I am getting values ranging from 258.514 to 3.999 as an output for the Sigmoid layer.
Shouldn’t this layer constrain the values between 0 and 1? Am I using the layers in the right manner?
Could you post a minimal and executable code snippet showing this unexpected behavior, please?
Your code is unfortunately still not executable and I cannot reproduce the issue using:
model = Discriminator()
x = torch.randn(2, 3, 128, 128)
out = model(x)
# tensor(0.4997, grad_fn=<MinBackward1>) tensor(0.5007, grad_fn=<MaxBackward1>)
When I try to reproduce the issue by randomly initializing a tensor I get values between 0 and 1.
tensor(0.4993, grad_fn=<MinBackward1>) tensor(0.5003, grad_fn=<MaxBackward1>)
But when I run the code with actual images, this is what I get:
tensor([[[[52.6691, 52.6701, 52.6636, 52.6650, 52.6738]
Could the issue be with the images then?
I doubt it, but would need an executable code snippet to be able to reproduce and debug the issue.

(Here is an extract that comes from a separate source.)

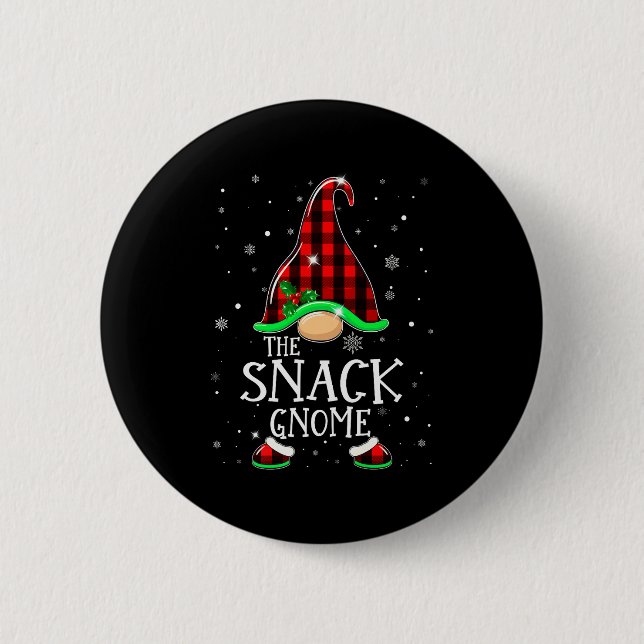 Funny Snack Gnome Buffalo Plaid Matching Christmas Knapp (Framsida)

Perhaps your second Conv2d after the Sigmoid is getting kernels outside of 0 and 1 during training. Maybe try moving your Sigmoid after that layer and see what happens.
Thanks for your suggestion.
But I am feeding the output of self.conv1 into the Sigmoid layer and the output of self.conv2 into the Softmax layer. Will the second Conv2d still affect the output of the Sigmoid layer?
Anyways, I made the change and tried but its still not working as expected.
On closer inspection, I see what you’re doing in the forward pass.
Perhaps try cloning h and assign to another letter(i.e.
r=h.clone()) before sending it through further layers. Then use
r in your other branch.
It’s hard to say exactly what the issue is without seeing your training process.